We were in Birmingham (West Midlands – not Alabama, USA), the industrial heartland of England and very far away indeed from the Appalachian Mountains. There were no Americans in the cast, though many of us had visited. Our view of Floyd’s world was inaccurate and, if anything, the production was inflected more by my nostalgic and all-but-forgotten infant memories of Connecticut than with precise research on the Deep South. In some ways, therefore, staging Susannah in the UK became about generalising Floyd’s particulars and removing some of the specificity that locates the opera so precisely. Attention to naturalistic detail was deliberately lax and our attempts at authentic accents were less deliberately pitiful. Nevertheless, we believed in what we were doing. We had the impression of a world that seemed credible to us in terms that were meaningful to us. So long as we communicated that, we believed, the audience would feel the same.
The space at Midlands Arts Centre (or the mac as it became known) was unconventional, which forced us to think, quite literally, outside the box. My designer was used to staging in-the-round but I had done almost nothing without a proscenium arch. The result, subsequently, was certainly a contribution towards making the audience feel involved and was definitely a case of narrowing the gap. We created a thrust stage that, with the audience on three sides, shoved the story into the public arena. Spectators became voyeurs in a space in which even looking at the stage, let alone stepping on it, was an infringement of personal liberty. We may not have communicated an accurate rendition of Tennessee but the audience absolutely understood their own part in the story and we had a considerable success. People at mac still talk of Susannah, a decade and a half later.

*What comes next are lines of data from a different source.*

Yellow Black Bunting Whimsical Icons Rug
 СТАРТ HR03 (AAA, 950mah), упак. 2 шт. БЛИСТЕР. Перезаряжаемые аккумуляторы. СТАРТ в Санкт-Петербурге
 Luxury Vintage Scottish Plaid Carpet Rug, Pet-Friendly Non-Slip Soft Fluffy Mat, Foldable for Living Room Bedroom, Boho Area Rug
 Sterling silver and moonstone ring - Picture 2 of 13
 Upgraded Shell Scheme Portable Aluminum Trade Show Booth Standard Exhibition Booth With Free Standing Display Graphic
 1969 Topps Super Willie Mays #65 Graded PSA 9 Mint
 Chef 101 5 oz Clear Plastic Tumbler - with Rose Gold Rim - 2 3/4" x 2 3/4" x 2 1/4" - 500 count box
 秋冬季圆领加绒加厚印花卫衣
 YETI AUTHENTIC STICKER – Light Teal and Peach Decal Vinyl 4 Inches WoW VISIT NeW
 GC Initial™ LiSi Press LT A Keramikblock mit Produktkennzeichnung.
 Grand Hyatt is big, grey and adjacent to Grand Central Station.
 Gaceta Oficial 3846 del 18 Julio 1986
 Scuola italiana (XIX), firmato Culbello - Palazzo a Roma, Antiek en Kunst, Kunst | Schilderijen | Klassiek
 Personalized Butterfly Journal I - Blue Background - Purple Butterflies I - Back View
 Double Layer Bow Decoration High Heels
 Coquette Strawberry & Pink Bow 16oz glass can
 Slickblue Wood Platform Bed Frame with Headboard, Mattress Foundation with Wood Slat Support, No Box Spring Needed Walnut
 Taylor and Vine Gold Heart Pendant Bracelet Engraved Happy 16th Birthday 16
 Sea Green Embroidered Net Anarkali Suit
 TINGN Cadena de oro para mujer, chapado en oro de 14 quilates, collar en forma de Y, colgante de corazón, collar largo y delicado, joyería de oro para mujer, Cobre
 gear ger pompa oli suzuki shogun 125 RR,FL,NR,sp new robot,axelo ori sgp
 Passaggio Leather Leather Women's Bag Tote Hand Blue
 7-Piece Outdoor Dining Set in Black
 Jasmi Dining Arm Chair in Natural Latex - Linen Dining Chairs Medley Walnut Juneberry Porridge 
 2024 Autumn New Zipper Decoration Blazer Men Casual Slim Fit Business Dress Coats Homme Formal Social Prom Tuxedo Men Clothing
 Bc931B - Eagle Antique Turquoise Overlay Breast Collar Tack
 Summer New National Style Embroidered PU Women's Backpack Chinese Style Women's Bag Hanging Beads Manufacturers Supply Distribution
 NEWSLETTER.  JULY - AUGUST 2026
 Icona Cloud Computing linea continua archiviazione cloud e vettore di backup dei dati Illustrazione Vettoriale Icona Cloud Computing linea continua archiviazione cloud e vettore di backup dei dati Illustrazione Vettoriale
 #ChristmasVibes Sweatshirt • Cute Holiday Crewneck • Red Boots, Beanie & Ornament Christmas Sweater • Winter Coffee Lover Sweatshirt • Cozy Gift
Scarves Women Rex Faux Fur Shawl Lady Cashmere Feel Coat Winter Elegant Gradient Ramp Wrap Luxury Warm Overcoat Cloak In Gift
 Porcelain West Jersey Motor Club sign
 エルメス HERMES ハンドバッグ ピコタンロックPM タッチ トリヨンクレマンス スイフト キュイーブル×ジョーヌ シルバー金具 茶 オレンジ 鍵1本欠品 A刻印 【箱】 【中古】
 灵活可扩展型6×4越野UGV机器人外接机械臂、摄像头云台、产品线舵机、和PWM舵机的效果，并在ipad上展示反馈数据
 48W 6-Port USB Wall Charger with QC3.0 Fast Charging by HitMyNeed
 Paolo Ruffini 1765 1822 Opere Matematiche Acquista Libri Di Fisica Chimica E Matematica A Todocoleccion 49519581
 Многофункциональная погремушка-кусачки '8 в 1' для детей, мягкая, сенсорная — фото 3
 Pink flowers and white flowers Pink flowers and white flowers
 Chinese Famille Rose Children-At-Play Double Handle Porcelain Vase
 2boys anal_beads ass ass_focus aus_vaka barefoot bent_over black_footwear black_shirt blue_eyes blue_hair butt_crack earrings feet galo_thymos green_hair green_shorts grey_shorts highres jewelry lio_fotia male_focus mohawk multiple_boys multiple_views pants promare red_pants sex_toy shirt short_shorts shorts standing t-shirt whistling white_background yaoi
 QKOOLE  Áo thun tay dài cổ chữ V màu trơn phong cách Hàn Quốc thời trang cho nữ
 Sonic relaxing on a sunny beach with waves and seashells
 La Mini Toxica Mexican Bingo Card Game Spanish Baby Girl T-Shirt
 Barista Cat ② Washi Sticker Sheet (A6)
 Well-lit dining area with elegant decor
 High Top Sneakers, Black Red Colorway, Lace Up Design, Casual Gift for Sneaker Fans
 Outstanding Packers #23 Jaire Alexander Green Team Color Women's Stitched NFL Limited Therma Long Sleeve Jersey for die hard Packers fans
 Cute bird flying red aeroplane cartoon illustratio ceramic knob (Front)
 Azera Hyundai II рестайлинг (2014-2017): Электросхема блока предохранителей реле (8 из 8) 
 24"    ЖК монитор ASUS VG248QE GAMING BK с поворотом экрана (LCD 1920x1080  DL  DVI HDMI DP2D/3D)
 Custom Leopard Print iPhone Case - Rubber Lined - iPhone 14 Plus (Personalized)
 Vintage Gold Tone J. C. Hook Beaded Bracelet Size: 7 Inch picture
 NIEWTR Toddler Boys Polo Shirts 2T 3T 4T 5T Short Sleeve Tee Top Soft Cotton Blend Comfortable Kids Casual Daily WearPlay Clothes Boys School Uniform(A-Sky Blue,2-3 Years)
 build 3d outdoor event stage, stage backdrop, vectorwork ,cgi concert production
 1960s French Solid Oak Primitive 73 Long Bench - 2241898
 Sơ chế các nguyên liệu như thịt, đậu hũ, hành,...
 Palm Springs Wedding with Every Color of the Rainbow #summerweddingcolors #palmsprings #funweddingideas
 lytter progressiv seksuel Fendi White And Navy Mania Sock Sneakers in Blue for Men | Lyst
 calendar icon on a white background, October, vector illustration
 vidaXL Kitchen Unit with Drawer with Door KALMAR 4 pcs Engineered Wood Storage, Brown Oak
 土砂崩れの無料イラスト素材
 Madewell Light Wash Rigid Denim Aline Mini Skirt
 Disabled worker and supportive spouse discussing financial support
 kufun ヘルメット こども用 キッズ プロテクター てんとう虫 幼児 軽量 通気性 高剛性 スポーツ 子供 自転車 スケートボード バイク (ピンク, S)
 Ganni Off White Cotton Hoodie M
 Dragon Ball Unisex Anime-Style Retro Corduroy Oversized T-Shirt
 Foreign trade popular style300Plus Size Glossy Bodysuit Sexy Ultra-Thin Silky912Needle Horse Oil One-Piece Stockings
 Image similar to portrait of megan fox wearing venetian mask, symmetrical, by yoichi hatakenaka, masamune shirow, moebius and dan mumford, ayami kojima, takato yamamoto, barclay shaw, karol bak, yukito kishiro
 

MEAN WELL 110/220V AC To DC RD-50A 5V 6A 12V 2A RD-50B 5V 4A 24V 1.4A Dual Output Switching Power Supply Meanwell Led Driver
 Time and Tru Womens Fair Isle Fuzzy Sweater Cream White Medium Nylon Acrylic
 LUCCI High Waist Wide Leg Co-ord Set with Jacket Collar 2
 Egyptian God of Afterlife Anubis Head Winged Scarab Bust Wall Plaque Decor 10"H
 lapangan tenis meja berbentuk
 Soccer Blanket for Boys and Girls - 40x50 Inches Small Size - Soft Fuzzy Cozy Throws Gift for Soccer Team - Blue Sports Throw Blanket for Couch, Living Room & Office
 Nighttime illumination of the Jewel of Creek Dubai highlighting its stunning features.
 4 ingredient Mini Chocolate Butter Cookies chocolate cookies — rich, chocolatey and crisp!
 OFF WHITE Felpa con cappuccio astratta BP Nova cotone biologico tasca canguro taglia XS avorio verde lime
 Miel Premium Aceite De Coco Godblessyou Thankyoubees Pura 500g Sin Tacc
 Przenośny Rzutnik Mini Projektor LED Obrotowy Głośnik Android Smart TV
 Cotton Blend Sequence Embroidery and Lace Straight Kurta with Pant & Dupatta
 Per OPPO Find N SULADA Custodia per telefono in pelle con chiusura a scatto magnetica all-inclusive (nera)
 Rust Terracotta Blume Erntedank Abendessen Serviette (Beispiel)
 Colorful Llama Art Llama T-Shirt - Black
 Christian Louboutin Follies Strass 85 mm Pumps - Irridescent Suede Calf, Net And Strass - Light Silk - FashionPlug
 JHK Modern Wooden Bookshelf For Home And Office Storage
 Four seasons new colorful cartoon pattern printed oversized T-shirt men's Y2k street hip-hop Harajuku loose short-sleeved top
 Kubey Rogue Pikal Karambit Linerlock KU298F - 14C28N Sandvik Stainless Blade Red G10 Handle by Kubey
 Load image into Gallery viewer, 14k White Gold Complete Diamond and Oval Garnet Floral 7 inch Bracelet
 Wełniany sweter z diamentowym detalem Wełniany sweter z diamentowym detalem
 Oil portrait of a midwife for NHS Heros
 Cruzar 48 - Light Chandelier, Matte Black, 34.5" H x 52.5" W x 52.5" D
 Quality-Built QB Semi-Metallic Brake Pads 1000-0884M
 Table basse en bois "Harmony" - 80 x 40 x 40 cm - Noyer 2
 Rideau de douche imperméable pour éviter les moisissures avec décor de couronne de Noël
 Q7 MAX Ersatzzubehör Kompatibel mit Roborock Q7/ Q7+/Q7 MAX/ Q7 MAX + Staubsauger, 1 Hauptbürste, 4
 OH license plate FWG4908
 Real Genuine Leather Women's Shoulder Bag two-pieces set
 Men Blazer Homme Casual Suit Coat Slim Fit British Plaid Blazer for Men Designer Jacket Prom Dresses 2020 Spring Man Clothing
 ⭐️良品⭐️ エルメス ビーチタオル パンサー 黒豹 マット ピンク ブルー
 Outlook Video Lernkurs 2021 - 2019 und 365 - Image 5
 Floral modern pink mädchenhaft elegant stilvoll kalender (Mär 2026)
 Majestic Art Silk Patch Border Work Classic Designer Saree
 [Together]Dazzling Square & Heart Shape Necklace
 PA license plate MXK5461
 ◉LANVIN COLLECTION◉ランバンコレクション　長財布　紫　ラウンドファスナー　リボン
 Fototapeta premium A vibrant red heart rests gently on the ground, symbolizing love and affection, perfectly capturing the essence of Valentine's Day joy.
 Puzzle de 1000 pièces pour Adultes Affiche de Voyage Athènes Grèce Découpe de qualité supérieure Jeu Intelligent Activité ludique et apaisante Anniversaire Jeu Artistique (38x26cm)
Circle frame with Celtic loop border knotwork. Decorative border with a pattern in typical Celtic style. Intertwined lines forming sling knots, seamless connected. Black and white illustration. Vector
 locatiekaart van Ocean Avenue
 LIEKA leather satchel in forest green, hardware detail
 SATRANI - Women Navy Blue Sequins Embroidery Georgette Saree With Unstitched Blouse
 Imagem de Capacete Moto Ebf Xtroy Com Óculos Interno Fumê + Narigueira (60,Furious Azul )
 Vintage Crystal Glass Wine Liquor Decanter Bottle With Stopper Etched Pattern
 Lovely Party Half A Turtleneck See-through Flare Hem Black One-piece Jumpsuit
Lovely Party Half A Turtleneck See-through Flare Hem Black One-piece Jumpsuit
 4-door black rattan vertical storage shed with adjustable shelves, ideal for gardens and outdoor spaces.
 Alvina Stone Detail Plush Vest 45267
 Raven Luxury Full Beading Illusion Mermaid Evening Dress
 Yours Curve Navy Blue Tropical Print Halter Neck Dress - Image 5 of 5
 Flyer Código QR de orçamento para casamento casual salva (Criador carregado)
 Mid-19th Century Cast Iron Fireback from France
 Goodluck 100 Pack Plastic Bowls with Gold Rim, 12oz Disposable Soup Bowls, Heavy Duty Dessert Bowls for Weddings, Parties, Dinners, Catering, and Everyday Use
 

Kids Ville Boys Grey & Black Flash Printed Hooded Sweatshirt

Perhaps Susannah will always mean something more in the United States, just as Verdi’s political operas will always touch rawer passions in a united Italy, but that is because Floyd had an American audience in mind. For Florentine’s audience, I hope this true. However, while Americans might rightly love the opera as theirs, I do not believe that its specificity is what actually makes it great.
Just as the exceptionally parochial characters in Peter Grimes (that British pageant of Cold War paranoia) do not absolve the rest of us of hypocrisy, so there is an Olin Blitch and Mrs. McClean to be found in many a community around the world. Susannah herself is an archetypal symbol of modern womanhood, who will not accept injustice as a status quo. She is an outsider, who will not and must not conform to what is wrong – she is Carmen without the sin. Such figures are not bound by the borders of culture and nationality any more than Carmen struggles to find audiences beyond the slopes of the Pyrenees. Fundamentally, Susannah is no more about square dances and jaybirds than Carmen is about orange sellers and cigarettes. Both are really about the would-be indomitable human spirit and society’s need to dominate it.
Like all great art, it is the universality of a work that truly matters and I remain convinced that Floyd meant his reworking of ‘Susanna and the Elders’ to be expansive, rather than reductive – much as I believe that Mozart wrote Idomeneo as more than an essay on Ancient Greece.